原 民喜(1905-1951)
明治38年11月15日ー昭和26年3月13日 46歳 
広島市中区東白島町・円光寺



 泉邸の杜も少しずつ燃えていた。夜になってこの辺まで燃え移って来るといけないし、明るいうちに向岸の方へ渡りたかった。が、そこいらには渡舟も見あたらなかった。長兄たちは橋を廻って向岸へ行くことにし、私と二番目の兄とはまだ渡舟を求めて上流の方へ溯って行った。水に添う狭い石の通路を進んで行くに随って、私はここではじめて、言語に絶する人々の群を見たのである。既に傾いた陽ざしは、あたりの光景を青ざめさせていたが、岸の上にも岸の下にも、そのような人々がいて、水に影を落していた。どのような人々であるか……。男であるのか、女であるのか、殆ど区別もつかない程、顔がくちゃくちゃに腫れ上って、随って眼は糸のようにただ細まり、唇は思いきり欄れ、それに、痛々しい肢体を露出させ、虫の息で彼等は横わっているのであった。私達がその前を通って行くに随ってその奇怪な人々は紬い優しい声で呼びかけた。
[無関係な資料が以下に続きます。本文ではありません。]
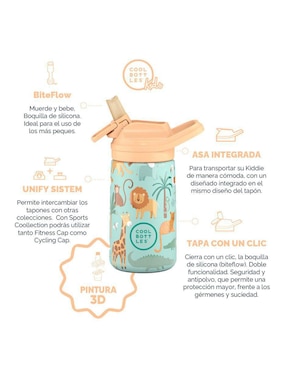 Botella de agua Cool Bottles de acero inoxidable con tapa a prueba de derrame 350 ml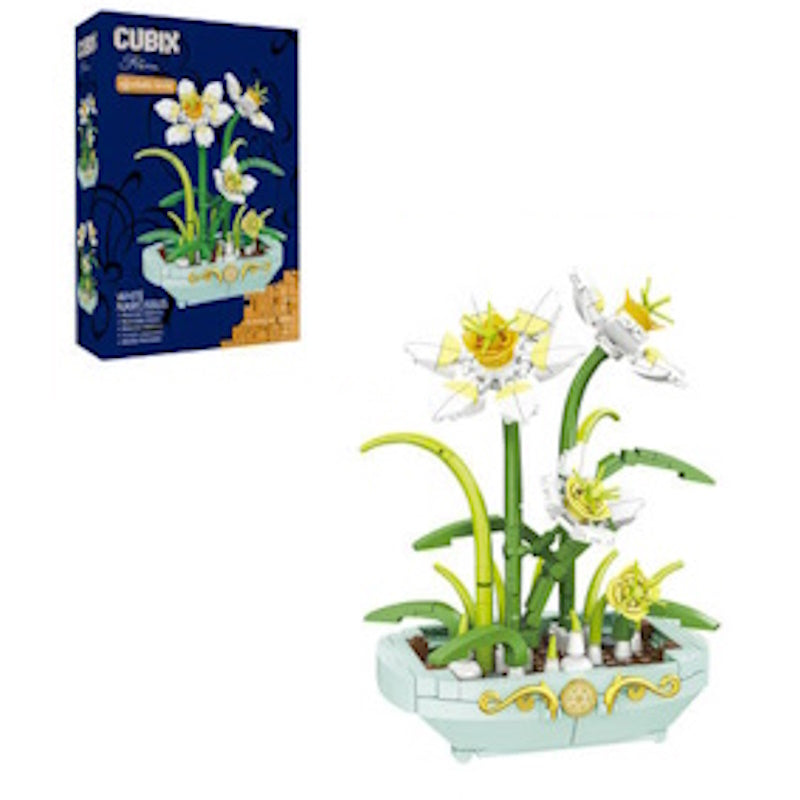 Cubix Κατασκευή Λουλουδιών με Τουβλάκια (White Narcissus)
「水を少し飲ませて下さい」とか、「助けて下さい」とか、殆どみんながみんな訴えごとを持っているのだった。
(夏の花)  

 昭和26年3月13日午後11時30分ころ、西荻窪駅ホーム西側250メートル付近の線路上に一人の男が身を横たえていた。まもなく西荻窪を発車した三鷹行きの電車は、その男を巻き込み50メートルほど引きずって止まった。一輪の花の幻を刻んで原民喜は永遠に口を閉じた。「私は歩み去らう 今こそ消え去って行きたいのだ 透明のなかに 永遠のなかに」

 民喜の下宿には「心願の国」の原稿と、17通の遺書があった。その中の1通は、丸の内の貿易会社に勤める英文タイピスト 祖田裕子にあてたものであった。極端な厭人癖のある民喜の心を、叙情詩のように慰めてくれたこの少女に「とうとう僕は雲雀になって消えて行きます。」の言葉を遺している。原爆に弾き出され、叫喚と混乱の中で死んだ人たちの嘆きのためにだけ生きようとした民喜の亡骸のある原家の墓碑「倶会一處」。積み上げられた無縁墓のとなりに建っているこの石の望むところ、西方浄土の花園に彼の魂は行き着いたであろうか。